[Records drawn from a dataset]
------
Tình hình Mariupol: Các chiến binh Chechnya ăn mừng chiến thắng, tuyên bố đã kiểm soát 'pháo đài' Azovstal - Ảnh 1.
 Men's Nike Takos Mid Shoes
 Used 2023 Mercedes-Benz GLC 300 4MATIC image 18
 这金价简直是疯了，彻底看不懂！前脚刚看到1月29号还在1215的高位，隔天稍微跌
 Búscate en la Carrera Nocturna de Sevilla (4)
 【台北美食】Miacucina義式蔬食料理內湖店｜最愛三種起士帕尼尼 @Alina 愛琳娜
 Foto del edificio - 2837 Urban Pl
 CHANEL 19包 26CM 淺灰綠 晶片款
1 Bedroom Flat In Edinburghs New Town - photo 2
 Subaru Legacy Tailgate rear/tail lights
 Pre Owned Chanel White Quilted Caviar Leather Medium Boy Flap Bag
------
After reading through the records, retype all of them exactly.

EXPECTED ANSWER >>
Tình hình Mariupol: Các chiến binh Chechnya ăn mừng chiến thắng, tuyên bố đã kiểm soát 'pháo đài' Azovstal - Ảnh 1.
 Men's Nike Takos Mid Shoes
 Used 2023 Mercedes-Benz GLC 300 4MATIC image 18
 这金价简直是疯了，彻底看不懂！前脚刚看到1月29号还在1215的高位，隔天稍微跌
 Búscate en la Carrera Nocturna de Sevilla (4)
 【台北美食】Miacucina義式蔬食料理內湖店｜最愛三種起士帕尼尼 @Alina 愛琳娜
 Foto del edificio - 2837 Urban Pl
 CHANEL 19包 26CM 淺灰綠 晶片款
1 Bedroom Flat In Edinburghs New Town - photo 2
 Subaru Legacy Tailgate rear/tail lights
 Pre Owned Chanel White Quilted Caviar Leather Medium Boy Flap Bag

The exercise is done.